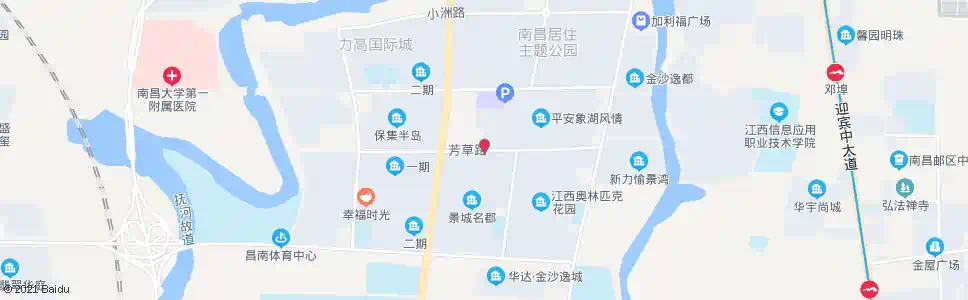 南昌芳草路_公交站地图_南昌公交_妙搜公交查询2025
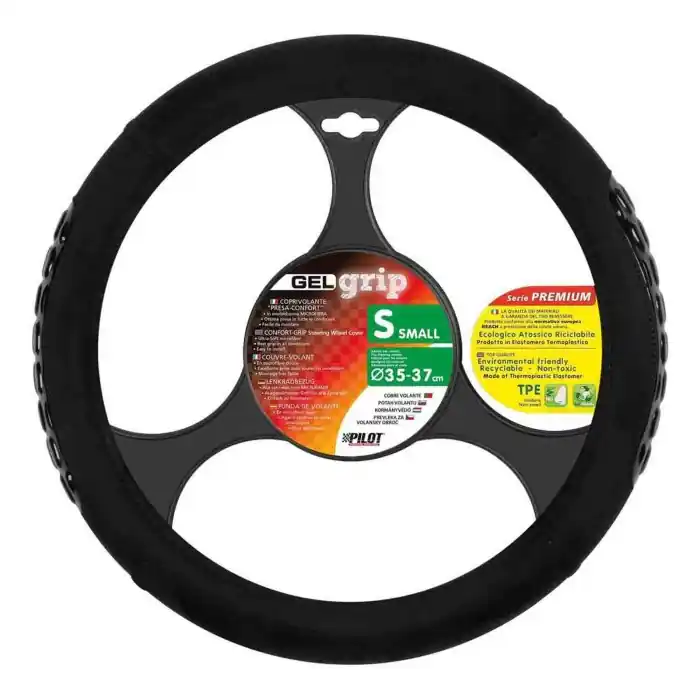 Offerta Lampo Gel Grip Coprivolante In Microfibra S Ø 35/37 Cm Nero Coprivolanti In Microfibra Coprivolanti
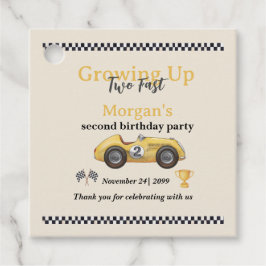 Etiquetas Para Lembrancinhas Crescendo Dois segundos Rápidos De Carros De Raça 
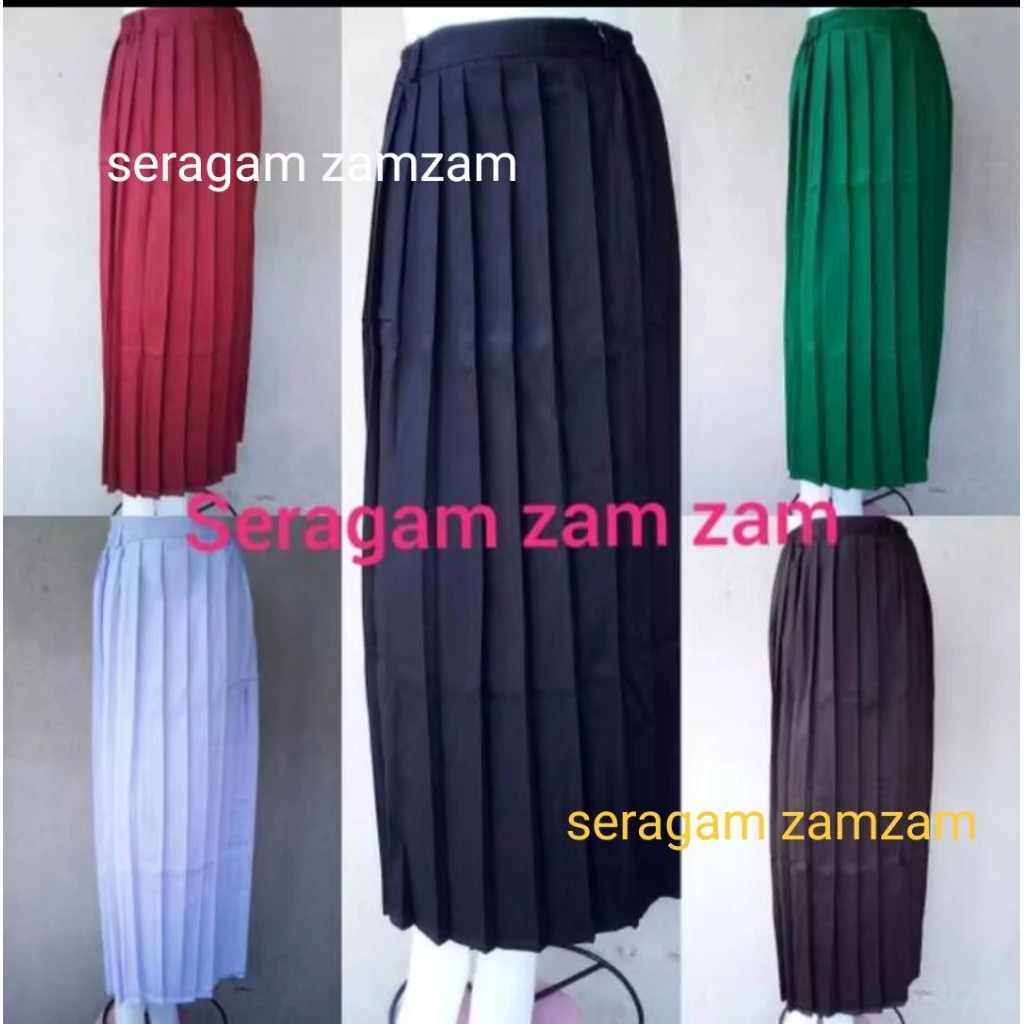 Rok panjang smp sma/rok panjang rempel kerja smp sma seragam smp sma seragam sekolah seragam kerja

* [Aim of the task]:
Would you print the whole listing exactly, omitting the pictures?

* [Worked solution]:
 南昌芳草路_公交站地图_南昌公交_妙搜公交查询2025
 Offerta Lampo Gel Grip Coprivolante In Microfibra S Ø 35/37 Cm Nero Coprivolanti In Microfibra Coprivolanti
 Etiquetas Para Lembrancinhas Crescendo Dois segundos Rápidos De Carros De Raça 
 Rok panjang smp sma/rok panjang rempel kerja smp sma seragam smp sma seragam sekolah seragam kerja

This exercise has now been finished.